# Starting Common Army Phase - Any Tips



## Coynemachine (21 Jun 2011)

Received offer for Artillery Officer and my COS date is September 19. I am not sure if that is when the course actually starts, but will know more.

Just wondering if anyone had any tips for CAP? i.e. taskings, inspections, items to bring, things I shoud be aware of basically.

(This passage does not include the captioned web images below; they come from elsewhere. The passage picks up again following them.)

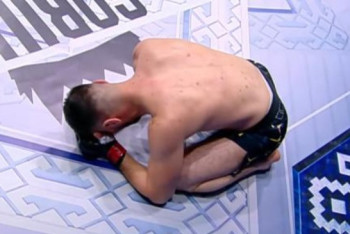 Фотография к новости: Эпичным нокаутом завершился поединок непобежденных бойцов из Казахстана и Узбекистана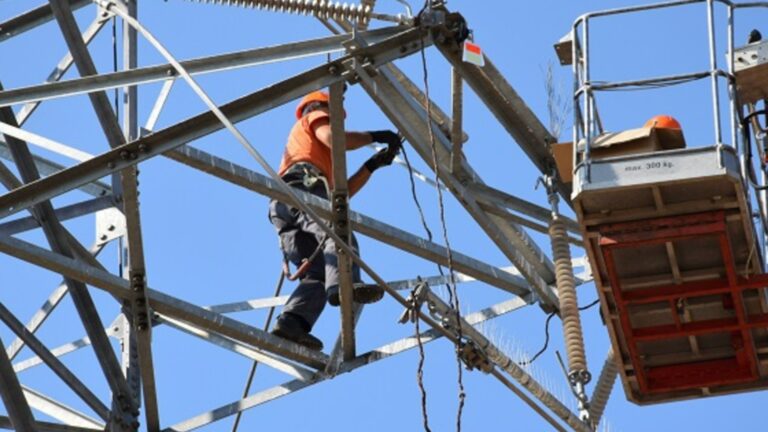 Двойная санкция на несчастный случай: EVN поднимет вопрос о компенсации за электроэнергию в Брюсселе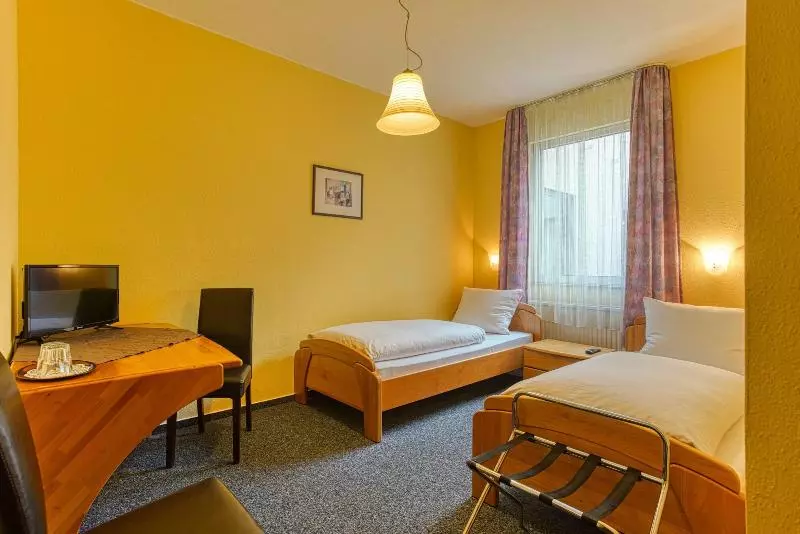 Standard-huone, Carlton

Any help would be appreciated.


----------



## Fishbone Jones (21 Jun 2011)

Coyner said:
			
		

> Received offer for Artillery Officer and my COS date is September 19. I am sure if that is when the course actually starts, but will know more.
> 
> Just wondering if anyone had any tips for CAP? i.e. taskings, inspections, items to bring, things I shoud be aware of basically.
> 
> Any help would be appreciated.



How about a search of the Training Forum threads, that'd be a great starting place   http://forums.army.ca/forums/index.php/board,39.0.html


----------



## vonGarvin (21 Jun 2011)

My only tip is to refer to the course by its name: Basic Military Officer Qualification - Land, or BMOQ-L, pronounced "Bemockle", rhyming with "debacle".


----------



## Fishbone Jones (21 Jun 2011)

Technoviking said:
			
		

> My only tip is to refer to the course by its name: Basic Military Officer Qualification - Land, or BMOQ-L, pronounced "Bemockle", rhyming with "debacle".

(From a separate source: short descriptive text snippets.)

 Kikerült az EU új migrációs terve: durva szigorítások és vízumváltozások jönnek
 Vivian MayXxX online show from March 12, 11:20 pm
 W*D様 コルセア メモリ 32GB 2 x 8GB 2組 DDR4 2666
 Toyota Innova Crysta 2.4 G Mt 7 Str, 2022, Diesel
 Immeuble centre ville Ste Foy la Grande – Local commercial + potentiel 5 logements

and 'Bemockle' quickly becomes 'Befuckle' as explained in the accompanying graphic taken from Mission & Task Verbs.


----------



## s23256 (12 Sep 2011)

recceguy said:
			
		

> and 'Bemockle' quickly becomes 'Befuckle' as explained in the accompanying graphic taken from Mission & Task Verbs.



It's so nice to see your work appreciated in your own time.


----------